* **WHAT NEEDS TO BE DONE**
The records are set out below this line. Return exactly the lines from the one containing "ElnaSharits's cam snapshot" through the last, and exclude the pictures.

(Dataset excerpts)

------------------------------------

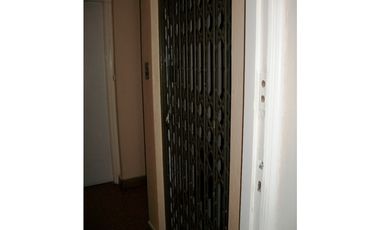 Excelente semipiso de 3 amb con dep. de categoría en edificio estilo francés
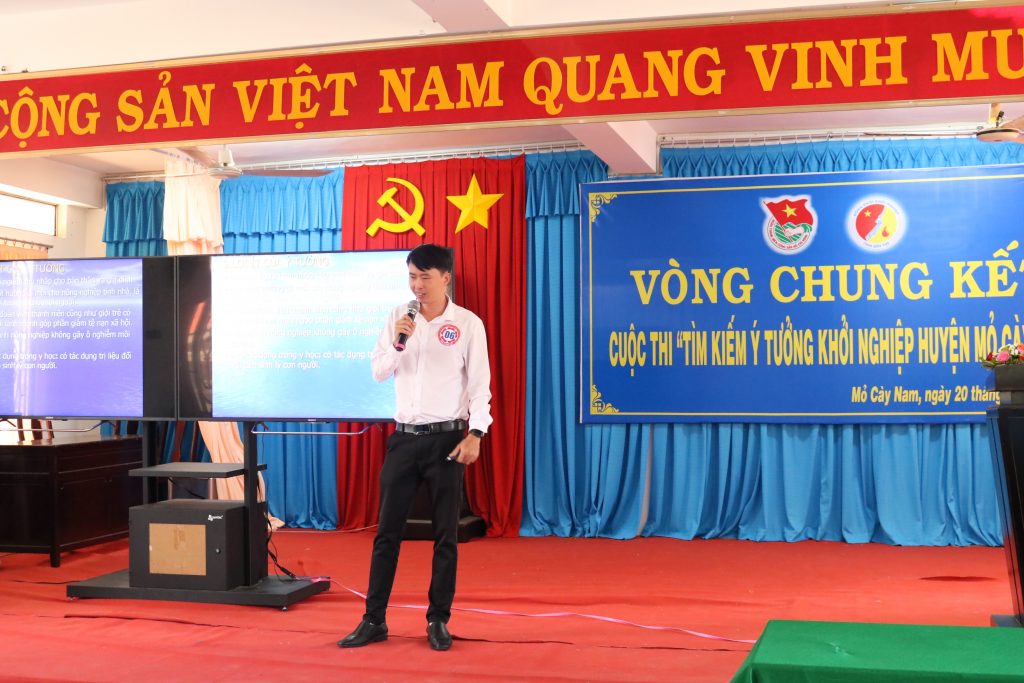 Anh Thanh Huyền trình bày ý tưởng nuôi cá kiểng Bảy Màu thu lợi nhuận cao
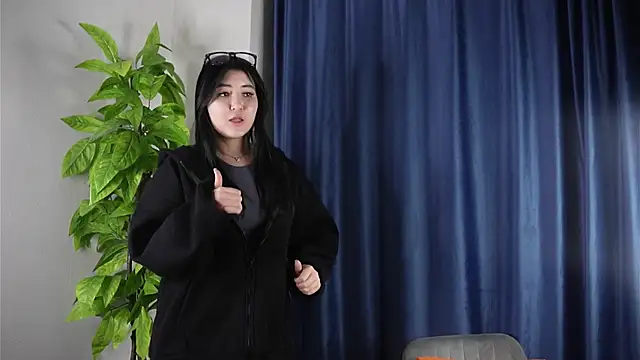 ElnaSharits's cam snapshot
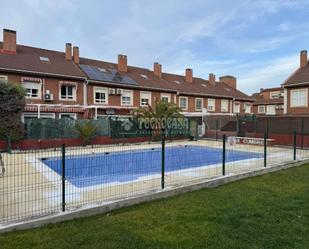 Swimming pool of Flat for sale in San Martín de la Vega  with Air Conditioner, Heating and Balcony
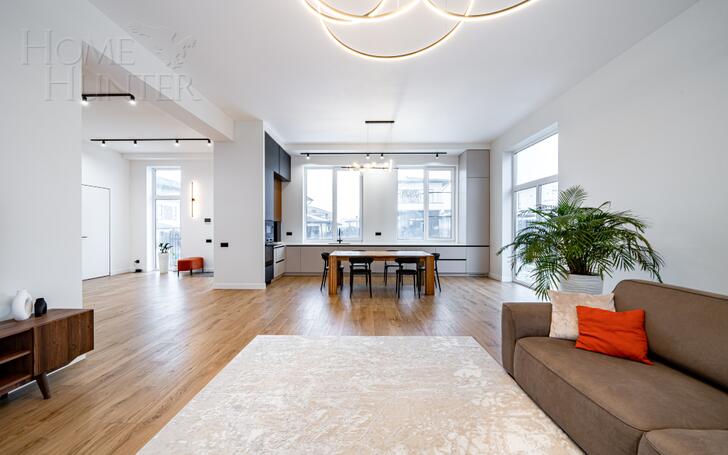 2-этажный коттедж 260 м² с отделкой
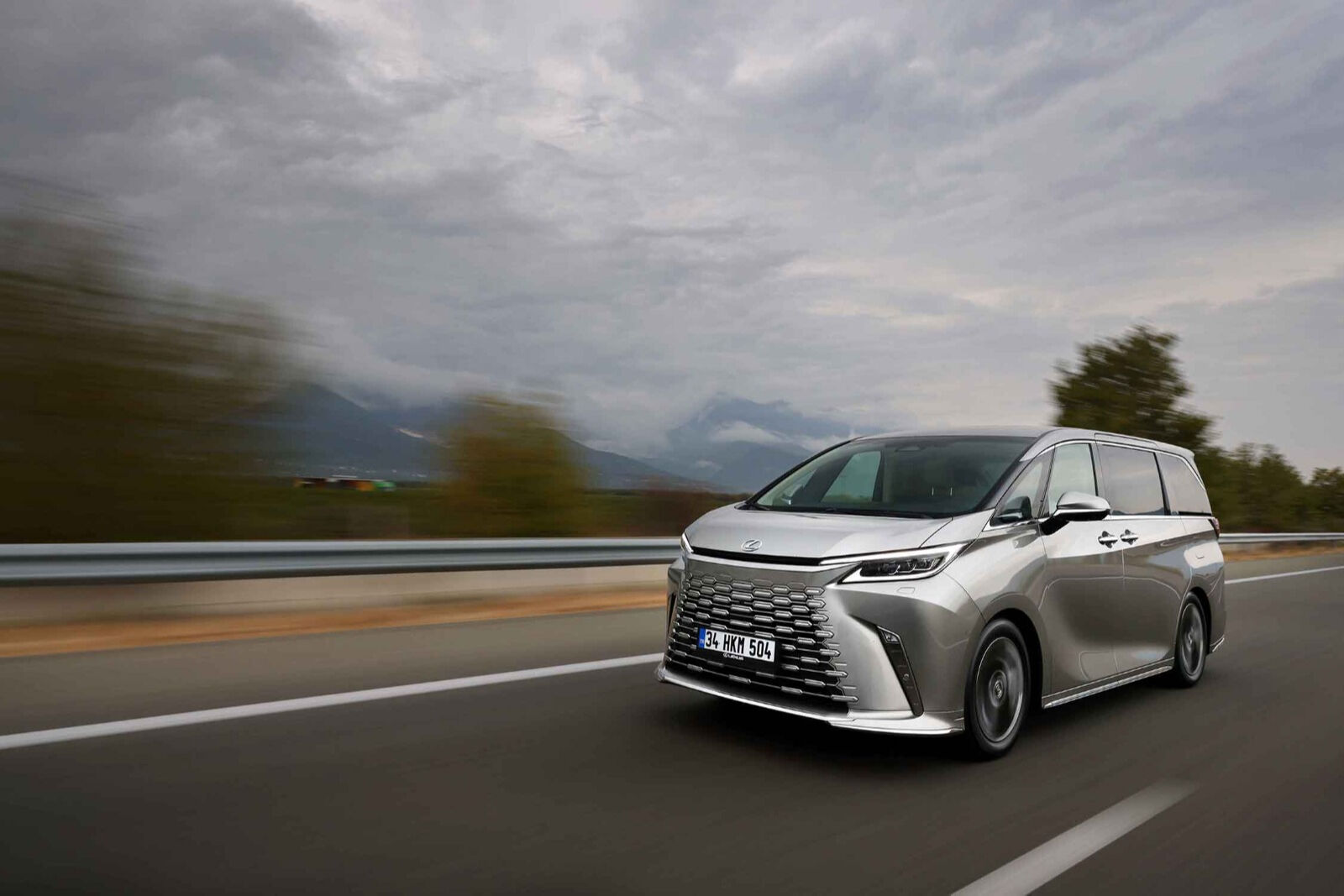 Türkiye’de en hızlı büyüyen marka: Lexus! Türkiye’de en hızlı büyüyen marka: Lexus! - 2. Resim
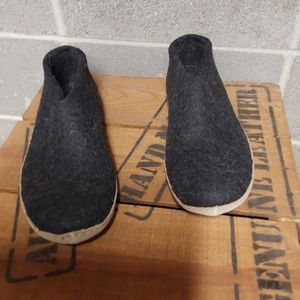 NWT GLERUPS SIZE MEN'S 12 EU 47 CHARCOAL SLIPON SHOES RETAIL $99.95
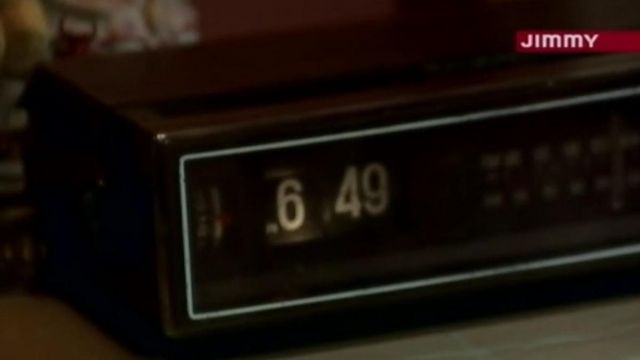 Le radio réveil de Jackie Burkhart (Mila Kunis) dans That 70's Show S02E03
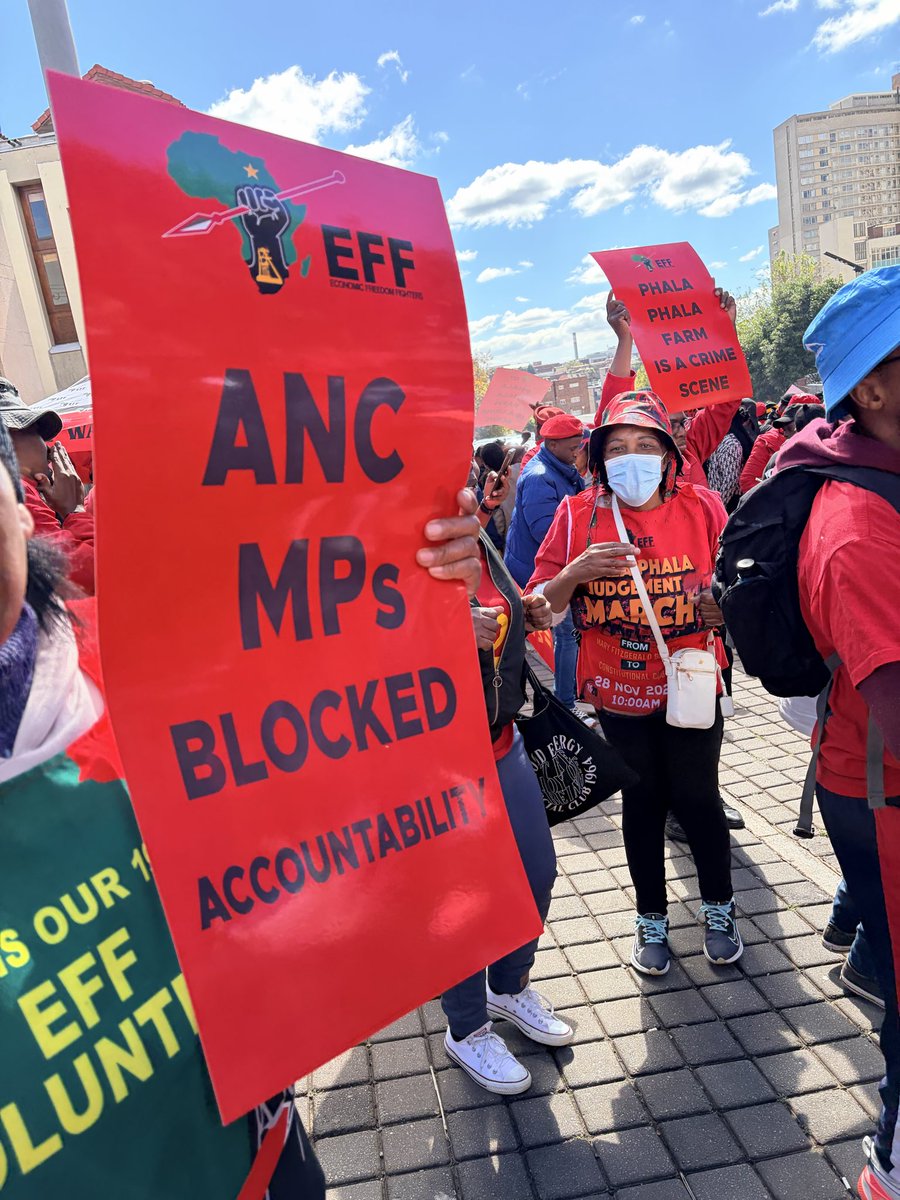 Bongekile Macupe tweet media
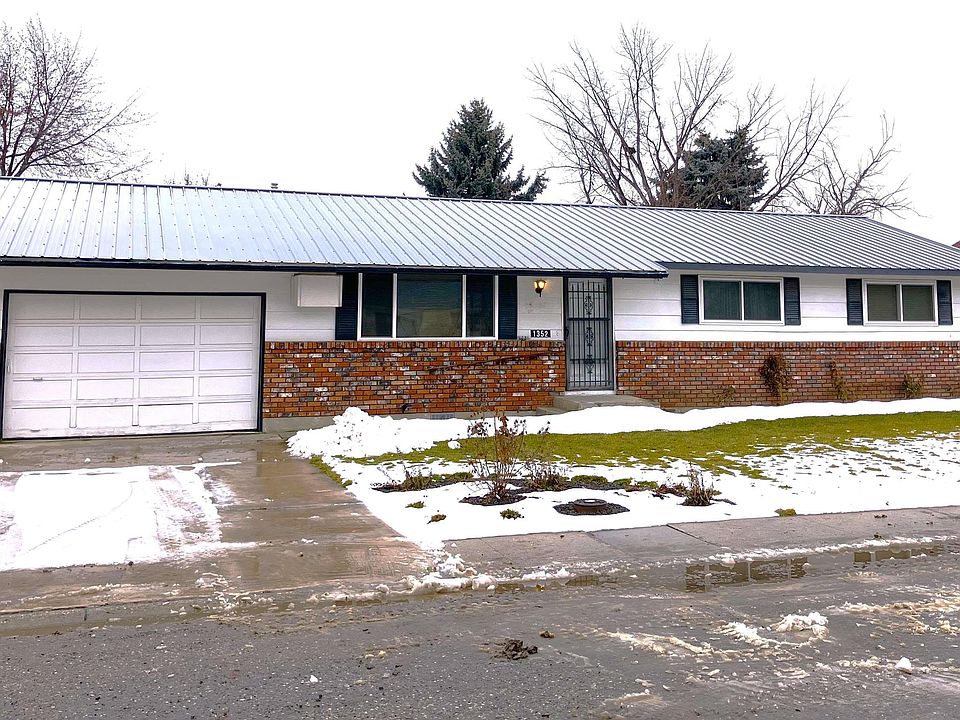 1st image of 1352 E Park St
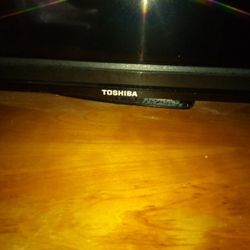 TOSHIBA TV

------------------------------------

* **EXERCISE SOLUTION**
 ElnaSharits's cam snapshot
 Swimming pool of Flat for sale in San Martín de la Vega  with Air Conditioner, Heating and Balcony
 2-этажный коттедж 260 м² с отделкой
 Türkiye’de en hızlı büyüyen marka: Lexus! Türkiye’de en hızlı büyüyen marka: Lexus! - 2. Resim
 NWT GLERUPS SIZE MEN'S 12 EU 47 CHARCOAL SLIPON SHOES RETAIL $99.95
 Le radio réveil de Jackie Burkhart (Mila Kunis) dans That 70's Show S02E03
 Bongekile Macupe tweet media
 1st image of 1352 E Park St
 TOSHIBA TV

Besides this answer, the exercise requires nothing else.